[Data records]
>>
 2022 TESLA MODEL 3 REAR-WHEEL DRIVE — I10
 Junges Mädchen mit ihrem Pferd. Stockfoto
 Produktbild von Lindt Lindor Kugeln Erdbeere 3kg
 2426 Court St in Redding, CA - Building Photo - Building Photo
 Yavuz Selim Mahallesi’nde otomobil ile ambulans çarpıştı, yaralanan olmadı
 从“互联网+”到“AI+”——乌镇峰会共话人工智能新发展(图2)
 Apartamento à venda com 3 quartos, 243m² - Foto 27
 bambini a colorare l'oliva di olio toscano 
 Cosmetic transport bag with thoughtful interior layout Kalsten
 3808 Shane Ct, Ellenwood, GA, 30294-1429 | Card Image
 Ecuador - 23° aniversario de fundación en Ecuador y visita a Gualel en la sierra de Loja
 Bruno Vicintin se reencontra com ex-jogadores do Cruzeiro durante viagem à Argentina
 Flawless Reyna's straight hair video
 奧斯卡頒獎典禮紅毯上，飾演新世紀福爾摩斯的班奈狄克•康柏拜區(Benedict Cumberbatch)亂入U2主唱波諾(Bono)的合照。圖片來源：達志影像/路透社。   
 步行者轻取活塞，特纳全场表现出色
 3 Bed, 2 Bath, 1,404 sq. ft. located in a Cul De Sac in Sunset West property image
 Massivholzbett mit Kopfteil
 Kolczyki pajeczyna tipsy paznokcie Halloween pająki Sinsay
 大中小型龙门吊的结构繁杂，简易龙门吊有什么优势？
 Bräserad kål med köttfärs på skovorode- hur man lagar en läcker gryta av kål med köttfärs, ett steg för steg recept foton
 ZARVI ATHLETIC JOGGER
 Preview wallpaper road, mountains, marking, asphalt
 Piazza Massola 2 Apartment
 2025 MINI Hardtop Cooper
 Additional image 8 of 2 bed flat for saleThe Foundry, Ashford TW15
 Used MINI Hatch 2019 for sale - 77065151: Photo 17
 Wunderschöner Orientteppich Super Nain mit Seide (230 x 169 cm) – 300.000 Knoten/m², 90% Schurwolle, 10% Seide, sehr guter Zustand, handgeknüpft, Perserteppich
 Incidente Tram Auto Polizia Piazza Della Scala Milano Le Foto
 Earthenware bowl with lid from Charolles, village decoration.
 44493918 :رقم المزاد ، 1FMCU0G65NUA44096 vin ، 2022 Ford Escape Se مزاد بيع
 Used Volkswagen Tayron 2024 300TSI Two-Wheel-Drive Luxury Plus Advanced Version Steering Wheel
<<
● **YOUR ASSIGNMENT**
Gather up every line in the data above that contains the word "Piazza", copying each one.

● **ANSWER FOR THE TASK**
 Piazza Massola 2 Apartment
 Incidente Tram Auto Polizia Piazza Della Scala Milano Le Foto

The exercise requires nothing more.